And I was told there were going to be two matches — a 60-minute game for the young, fit footballers and a 20-minute one for the old punk rock casualties. I’ll be fine, I thought. 
 
But all the old punk rock casualties chickened out apart from me, it was decided that there would be one 90-minute game, and I ended up playing 45 minutes on a full size pitch against far better footballers mostly less than half my age. And I absolutely loved it, playing right back, running around happily and occasionally lunging at the ball.  

I came off feeling fine, had some lovely reunions with old friends from Cherry Red and got the train home to a relieved wife. 
 
But in the middle of the night I woke to two Achilles tendons on fire, quenched to an extent with Deep Heat.

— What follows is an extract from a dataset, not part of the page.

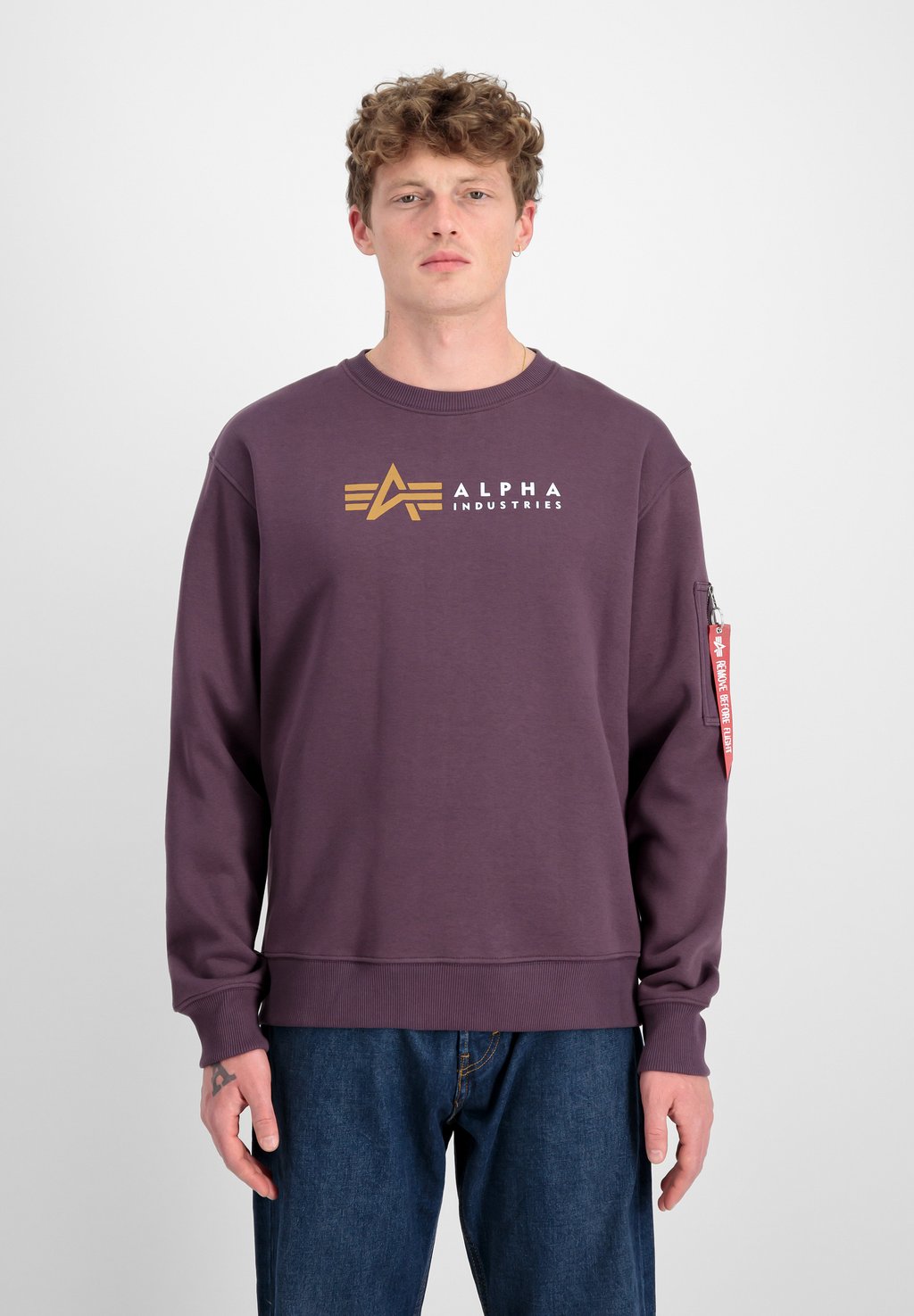 

Толстовка LABEL Alpha Industries, фиолетовый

The next day I was immobile. Today I am much better, but in political terms I’m a trainspotter. Collecting numbers.
 
Hoping for more successes here after Robina’s 20 per cent swing a year ago, and rooting for Worthing, where by the time you read this Labour should have taken control of the council for the first time in history. God’s Little Waiting Room no longer! Worthing is HIP, with a fine bunch of vibrant activists ready to charge into the 21st century.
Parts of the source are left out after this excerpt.